I believe I understand the judge's hesitation as she is a strongly convinced Christian that to name a child "Messiah" would be trivial at best and somewhat blasphemous at worst. She stated that the only one worthy of the title Messiah would be Jesus. While I do not disagree with her on the remarkable uniqueness of the "Anointed One," she may not be aware that God calls Cyrus the Great His Messiah in Isaiah 45:1. (This statement is used only once in the O.T.)
When we begin to name our newborn children — and these are truly gifts from God — we spend a lot of serious time deciding what his or her name has to be. I say, "Has to be" because not only do we want the name to be unique and special but an announcement to the world about his or her future.
Some parents seem to take the process of naming their offspring as a game and a way to shock the public or get some notoriety rather than a serious endeavor.
I have read such names as Paavo, Toyota, Corrvossier, Zeppelin, Jaxx and Moxie Crime Fighter. I personally wished my folks had named me Spike, Rambo, Knuckles, Cool Breeze, Kirk, Mongo or perhaps Swede. I really liked my name, John, until I found out that folks used the name John as a euphemism for an outhouse. Why didn't people name those privies after the inventor? Well, they did, but his name has fallen by the wayside, so to speak.
If history is correct, most children were known by the family name. Few, if any, children would simply reply that his or her name was Fred or Shirley. They would say, "I am the son of, or the daughter of," and then would give the surname and perhaps add an occupation like, "I am Byron, son of Brown, the mason."

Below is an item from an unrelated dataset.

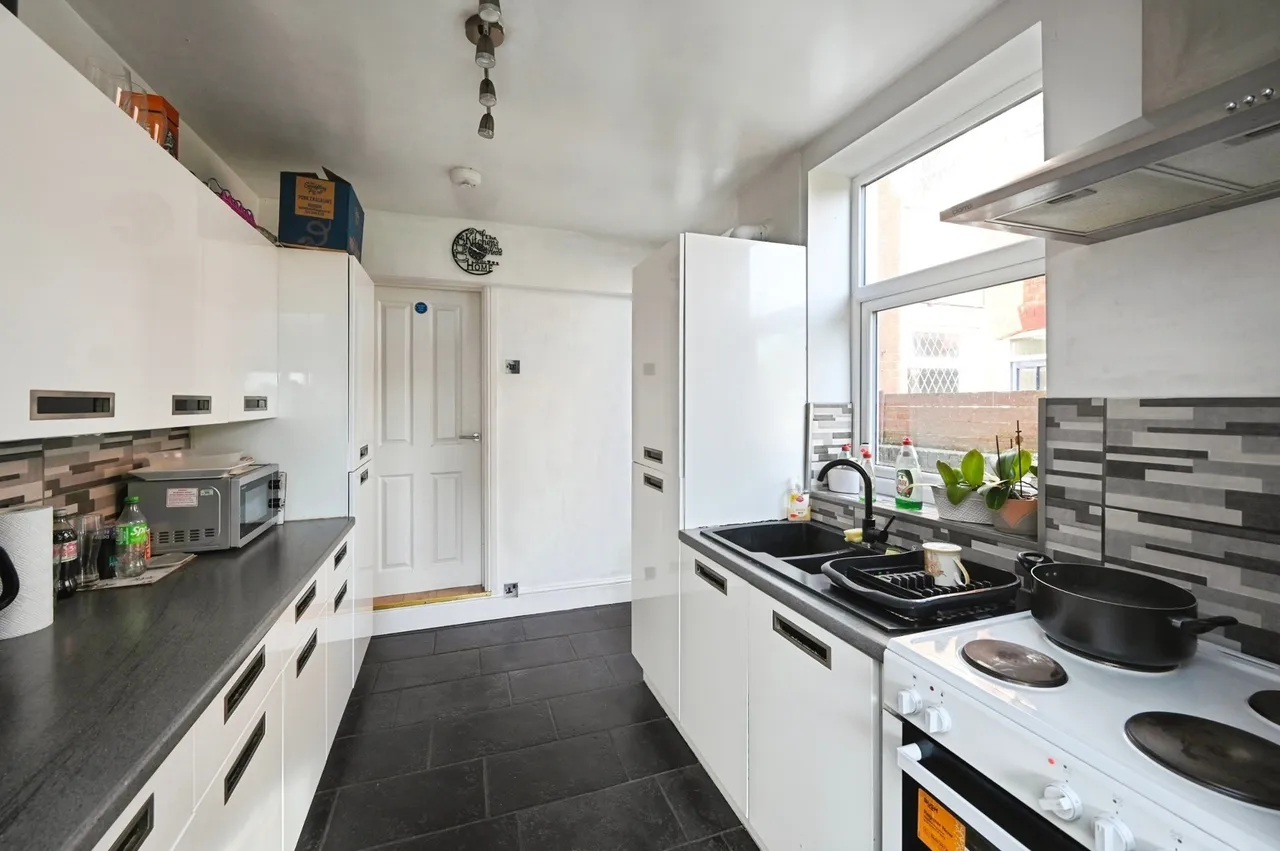 Carter Lane, Mansfield, Nottinghamshire, NG18, photo 6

When identified in this way, the individual was actually letting everyone know that he or she represented the honor and reputation of the family. Children would hold that honor with the deepest respect and act accordingly. A name was more than just a word. It was an announcement of integrity and responsibility and very few would dishonor that privilege.

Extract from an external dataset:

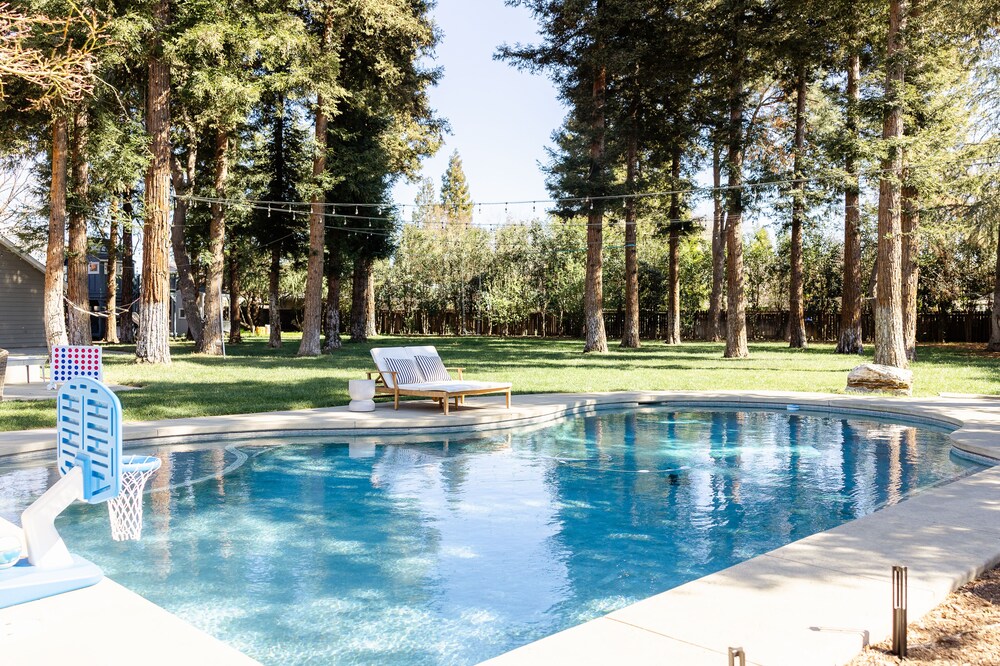 Luxury ranch style home with park like setting in North Chico!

I still remember the time in North Carolina when I worked for my grandfather and he sent me to the hardware store for some supplies. I had picked up several pounds of various nails he needed for a job and had been told to have the cost put on his account.
The owner asked, "Who's getting this?"
I said, "I'm getting these nails for my grandfather, Bryant Brown."
He smiled and said, "It's done. You tell Dad Brown that I said he's always welcome at my store."
He didn't just give those nails to me. He gave them to Dad Brown and Dad Brown always paid his bills on time. I'll never forget that moment and the trust between those two men.
Remember when Moses asked God, "Who shall I say sent me? What's the name of the God who speaks to me?"
To know the name of a god was to have power over that god. "What's His name?"
God's answer was to the point. "Tell them that 'I Am' sent you!"
"I Am" is an etymology or history of the usage of God's name YHWH, which is not to be translated lightly. It's almost like God said, "Tell these Yahoos that, 'The One who causes everything to be,' sent you. My name is not magic and no one controls Me. You need to know nothing more!"
Yes, Jesus has been called, "The Lamb of God," "The Messiah," "Teacher," "Rabbi," "Wonderful," "Counselor," "King of Kings," "Lord of Lords" and "The Carpenter's Son," and "Son of David." Above all names, He is called by the disciples, "Truly, You are the Son of God!"
Simon Peter said, "You are God's Anointed One, the Son of the living God!"
I believe it is the parent's responsibility to name their children wisely. Every child carries his or her name with pride forever. I can't wait until the moment when God says to me, "John, enter the joy which has been prepared for you!"